PFI submits comments on minimum pellet fuel requirements in NSPS
On Jan. 14, the Pellet Fuels Institute continued its ongoing effort to eliminate the inclusion of minimum pellet fuel requirements in the New Source Performance Standard by submitting written comments to the U.S. EPA prior to the comment deadline.
“Our submitted comments are simply a refrain of the position that the PFI has held and argued for since at least 2015,” said PFI Executive Director Tim Portz. “Including minimum pellet fuel requirements in federal regulation will not advance the aims of the Clean Air Act and will unfairly burden pellet manufacturers with compliance requirements not born by any other fuel type in the wood heat category.”

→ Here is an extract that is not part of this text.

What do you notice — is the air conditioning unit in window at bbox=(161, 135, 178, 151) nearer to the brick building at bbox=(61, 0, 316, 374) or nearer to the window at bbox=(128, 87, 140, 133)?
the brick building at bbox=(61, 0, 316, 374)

The PFI has long been an advocate for pellet standards as a means of guaranteeing the availability of high-quality wood pellets in the marketplace, developing in concert with state and federal regulators the world’s most robust pellet standards program. “The challenge for the PFI is helping stakeholders in the regulatory community understand that our opposition is not to standards or minimum requirements, but to codifying those standards and requirements within a piece of federal regulation,” said Portz.
The PFI contends that the EPA lacks the legal authority to promulgate minimum pellet fuel requirements as it has failed to establish how these requirements are or would contribute to a “best system of emissions reduction” for wood heaters, as the EPA is required to do.
“Wood pellets are amongst the cleanest burning solid fuel appliances commercially available today,” said Portz. “The inclusion of minimum fuel requirements in federal regulation will not move the needle at all regarding particulate matter from their combustion but it will place a unique burden on the manufacturers of this great fuel product. For that reason, our opposition to their inclusion in federal regulation will continue.”